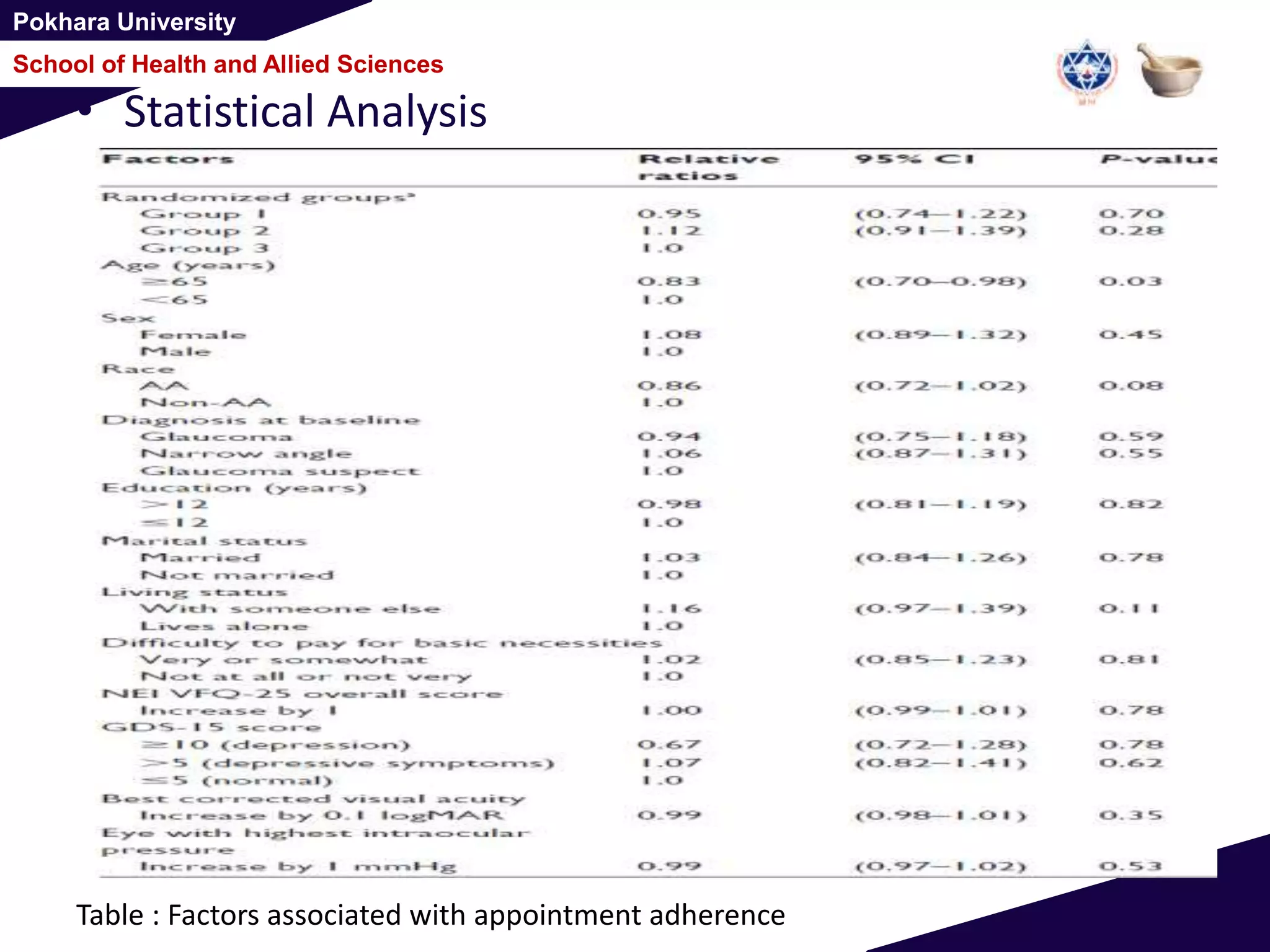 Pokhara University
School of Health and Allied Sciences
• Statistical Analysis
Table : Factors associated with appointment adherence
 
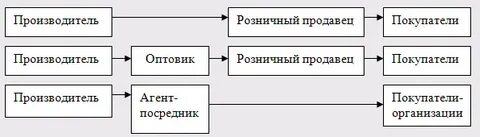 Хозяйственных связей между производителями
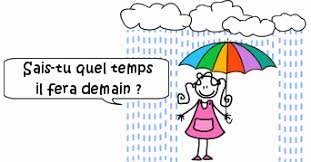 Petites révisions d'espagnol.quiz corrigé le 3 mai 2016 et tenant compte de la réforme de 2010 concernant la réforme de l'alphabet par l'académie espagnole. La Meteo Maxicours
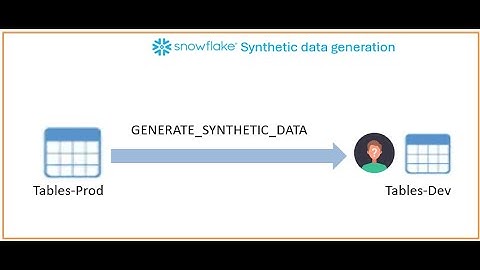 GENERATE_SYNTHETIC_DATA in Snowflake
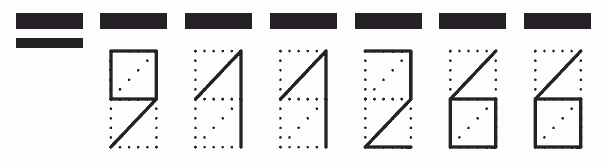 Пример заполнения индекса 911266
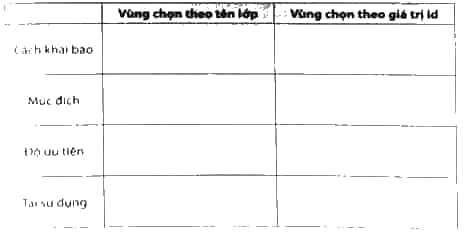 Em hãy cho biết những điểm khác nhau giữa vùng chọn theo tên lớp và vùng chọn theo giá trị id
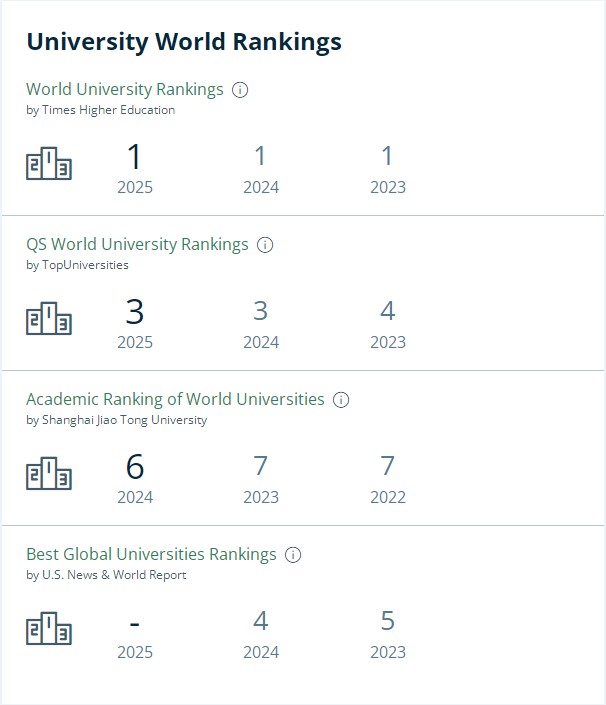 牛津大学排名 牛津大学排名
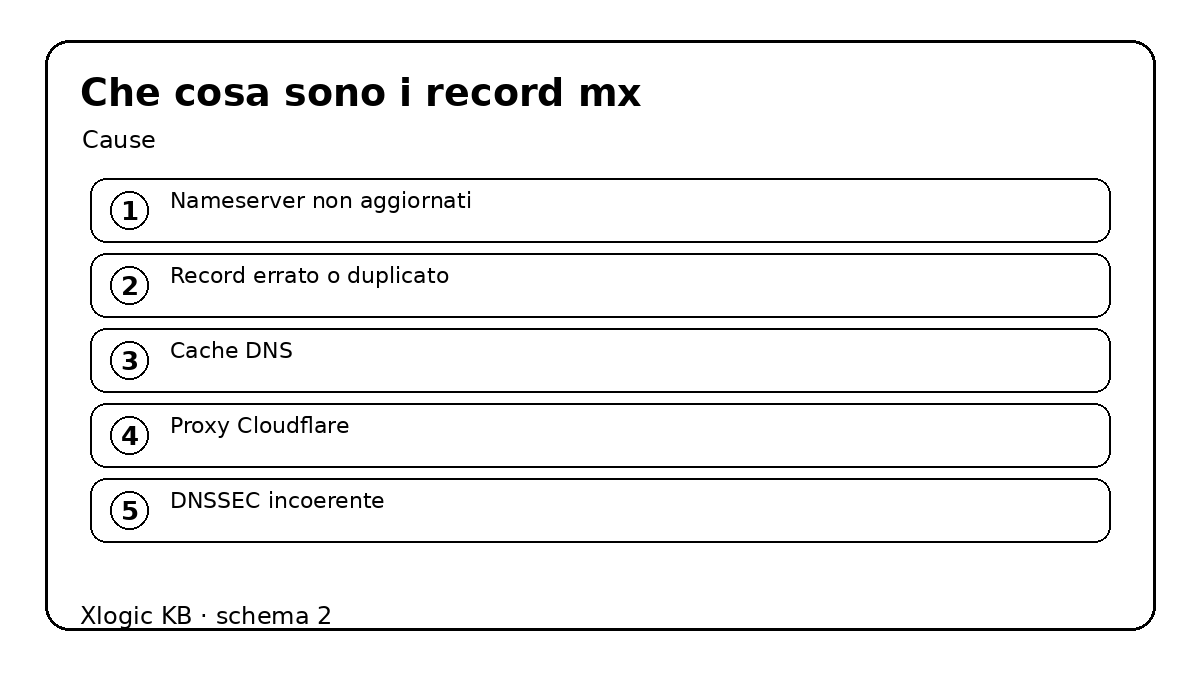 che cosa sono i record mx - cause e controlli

* _What is required_
Exactly as written above, print every line of the data but not its pictures.

* _Exercise response_
 Pokhara University
School of Health and Allied Sciences
• Statistical Analysis
Table : Factors associated with appointment adherence
 
 Хозяйственных связей между производителями
 Petites révisions d'espagnol.quiz corrigé le 3 mai 2016 et tenant compte de la réforme de 2010 concernant la réforme de l'alphabet par l'académie espagnole. La Meteo Maxicours
 GENERATE_SYNTHETIC_DATA in Snowflake
 Пример заполнения индекса 911266
 Em hãy cho biết những điểm khác nhau giữa vùng chọn theo tên lớp và vùng chọn theo giá trị id
 牛津大学排名 牛津大学排名
 che cosa sono i record mx - cause e controlli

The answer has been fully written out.